Como sustantivo, significa crueldad inhumana, violenta, salvaje. Sus verbos propios son encarnizarse, ensañarse, cebarse, odiar, ensangrentar. Los expertos en lenguaje han recogido y plasmado en sus diccionarios las palabras que mejor describen el comportamiento del hombre cuando abdica de su atributo específico, la racionalidad. También los expertos en Derecho, horrorizados por tantas evidencias de brutalidad, acuñaron el término "delitos de lesa humanidad": del latín, "humanidad herida, dañada, injuriada". El Estatuto de Roma de la Corte Penal Internacional ha tipificado como tales el genocidio, esclavitud, tráfico de personas, deportación, desaparición y prostitución forzadas, tortura, persecución racial, étnica o religiosa, apartheid. Llegará el día -ha llegado ya- en que el Derecho Internacional, si quiere ser respetado por su coherencia incluirá, en su acápite de "actos inhumanos que causen intencionadamente grandes sufrimientos o atenten contra la integridad física o la salud mental o física", el horrendo crimen del aborto legalizado. Tiene éste la igualmente horrenda particularidad de que se comete en tiempos de paz, bajo la responsabilidad, manto de licitud y financiamiento del Estado; y se dirige contra una parte de su propia población, cobrando la vida de centenares de miles de personas inocentes e indefensas, mutilando con ello las expectativas de rejuvenecimiento y progreso generacional, lesionando mental y físicamente a la mujer abortante, internalizando la violencia como derecho y medio legítimo para deshacerse de un problema, y desangrando el alma, cuerpo y concepto de "Nación" hasta convertirla en patíbulo y museo. Peor aún, este abominable crimen se enarbola edulcorado bajo el exultante eufemismo de "derechos humanos": expresión textual del Premier canadiense al felicitar a Michelle Bachelet por su acometividad abortiva.
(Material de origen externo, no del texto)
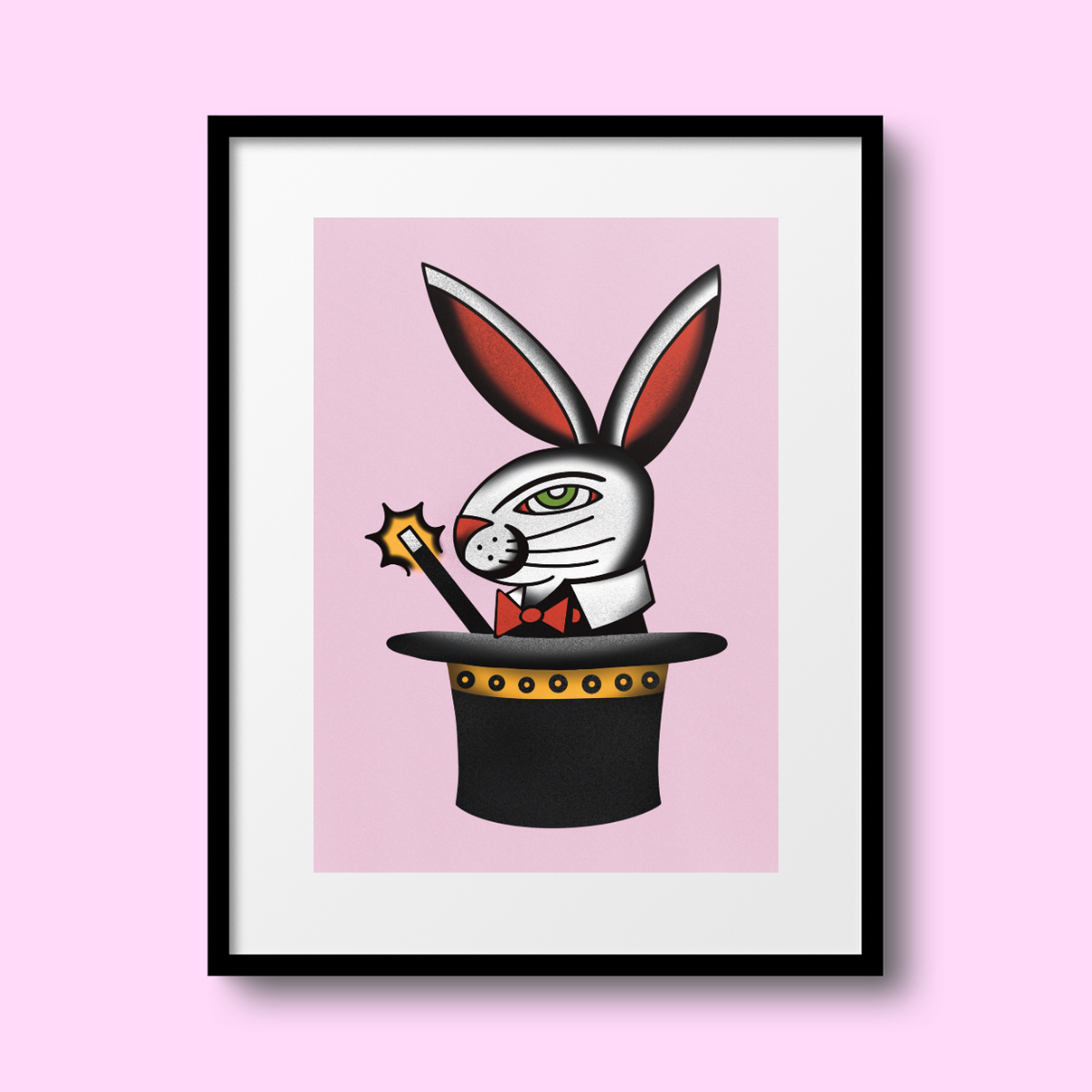 Magic Bunny A4 Print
La sevicia del aborto legalizado no se contenta con matar al inocente: lo hace, o permite que se haga, con la más refinada crueldad. El 29 de mayo se votó en la Comisión de Salud del Senado una indicación del senador Espina, para que en caso de que el bebé sobreviva al aborto (por lo que, al estar separado completamente de su madre tiene plena existencia legal como persona) el médico deberá resguardar siempre su vida e integridad física y psíquica. La indicación fue rechazada por 3 votos contra 2, con voto decisivo de Carolina Goic, presidenta de la Democracia Cristiana. Esta sevicia senatorial nos retrotrae al 18 de mayo de 1965, en que por Decreto del Presidente Frei Montalva se estatuyó que si el condenado a muerte sobrevive después del fusilamiento y el médico estima que sus heridas no son mortales o que está consciente y sufriendo, el médico indicará al Oficial que dispare nuevamente sobre el condenado (art. 12). Olvidó, la sevicia, que la pena de muerte fue abolida el 2001. E insaciable, se cebó en matronas y enfermeras, arrebatándoles su inviolable libertad de conciencia. Urge desalojar pacíficamente del Congreso a estos seviciosos.